WHAT THE EXERCISE ASKS – Every record is to be copied unchanged, except that its pictures are removed.

THE RECORDS –
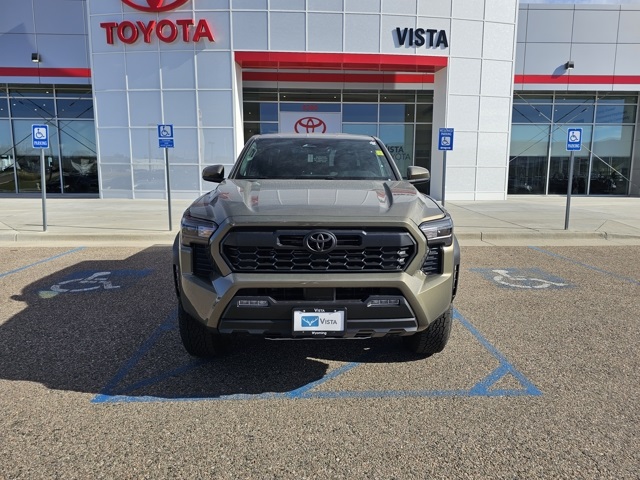 2025 Toyota Tacoma TRD Off-Road Double Cab photo 2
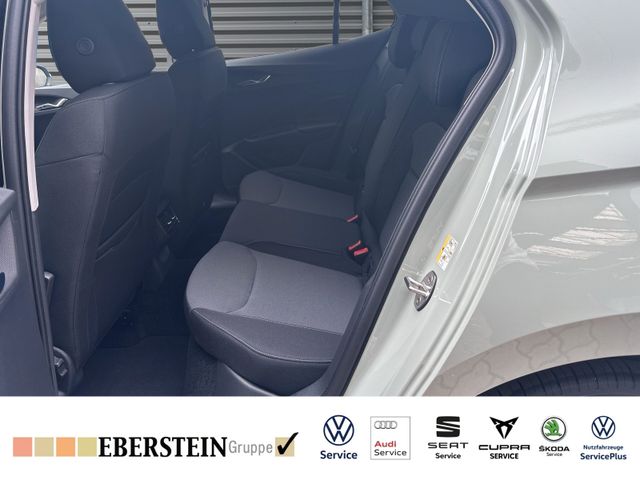 Skoda Fabia 1.0 TSI Selection RFK LED SHZ SmartLink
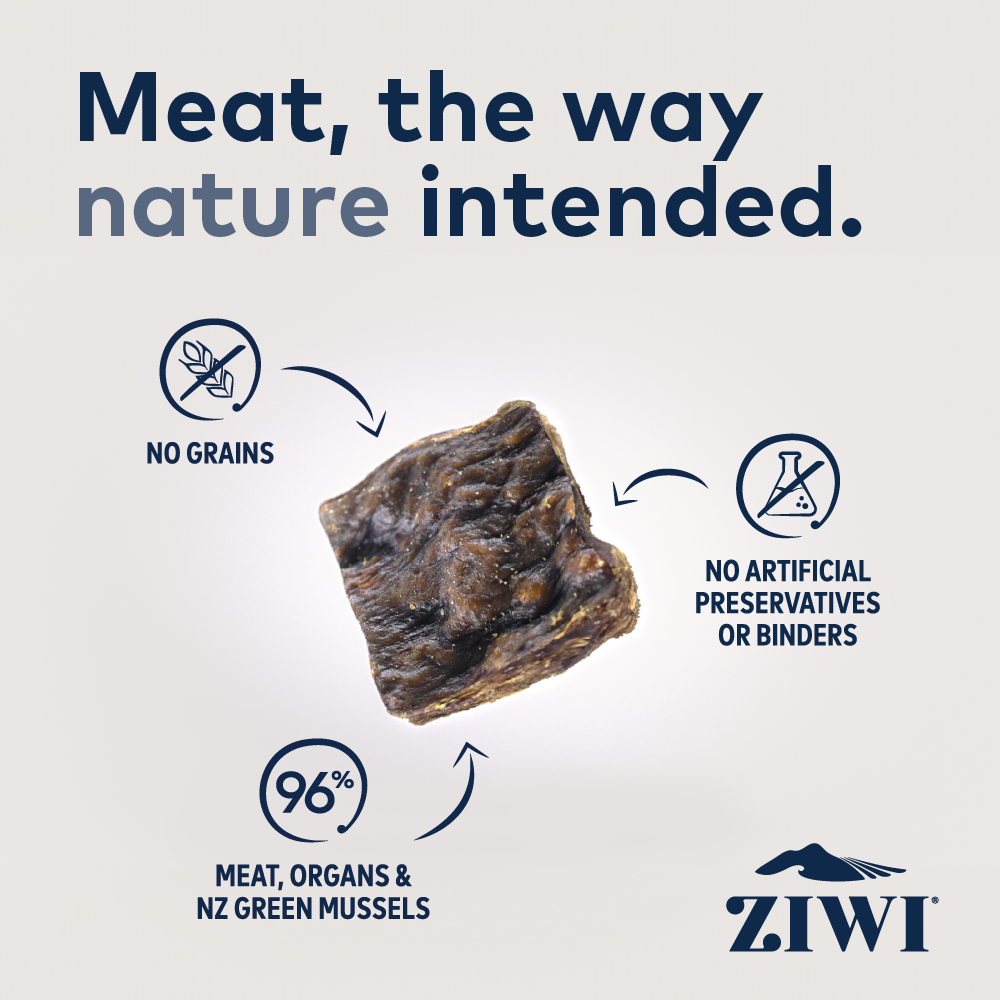 Close-up of ZIWI Peak air-dried cat food showing 96 percent meat seafood organs and green mussels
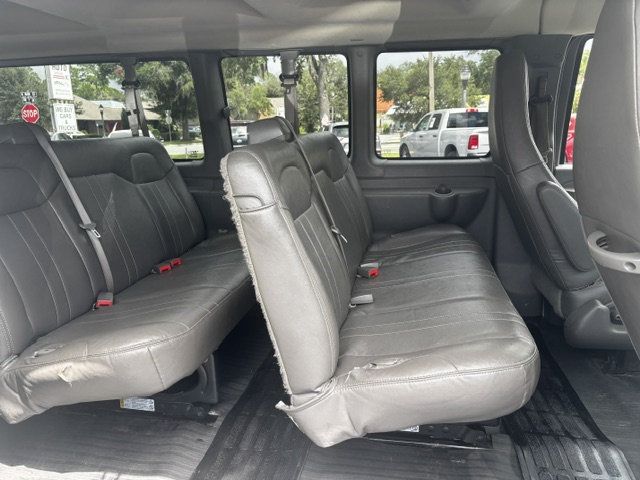 2016 Chevrolet EXPRESS 15 PASSENGER  - 23071872 - 3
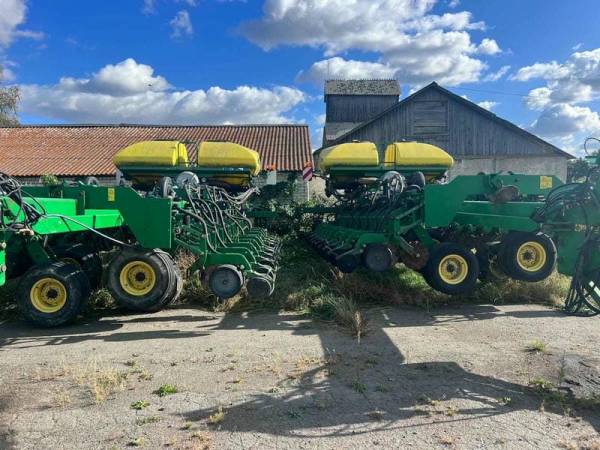 Сеялка точного высева John Deere DB 55 (2015)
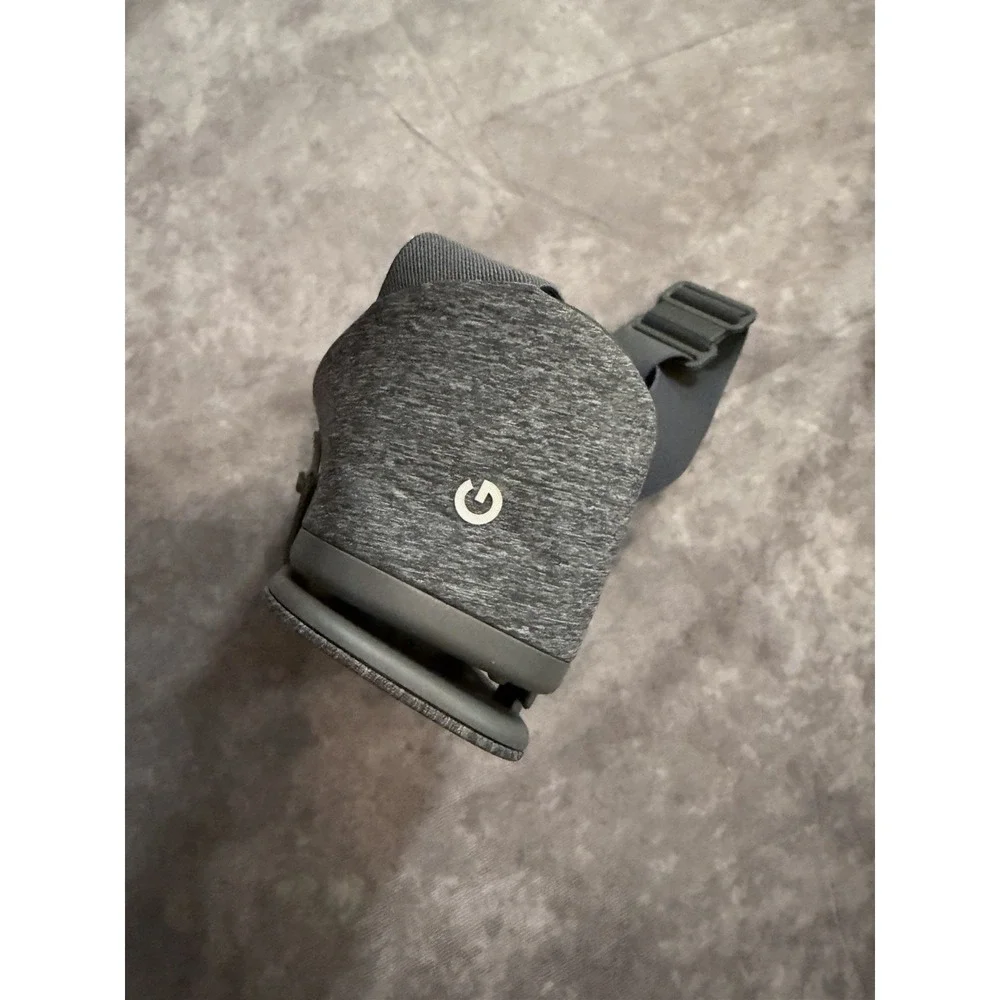 Google Daydream View Smartphone VR Headset Gray/Black Fabric & Plastic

EXPECTED ANSWER –
 2025 Toyota Tacoma TRD Off-Road Double Cab photo 2
 Skoda Fabia 1.0 TSI Selection RFK LED SHZ SmartLink
 Close-up of ZIWI Peak air-dried cat food showing 96 percent meat seafood organs and green mussels
 2016 Chevrolet EXPRESS 15 PASSENGER  - 23071872 - 3
 Сеялка точного высева John Deere DB 55 (2015)
 Google Daydream View Smartphone VR Headset Gray/Black Fabric & Plastic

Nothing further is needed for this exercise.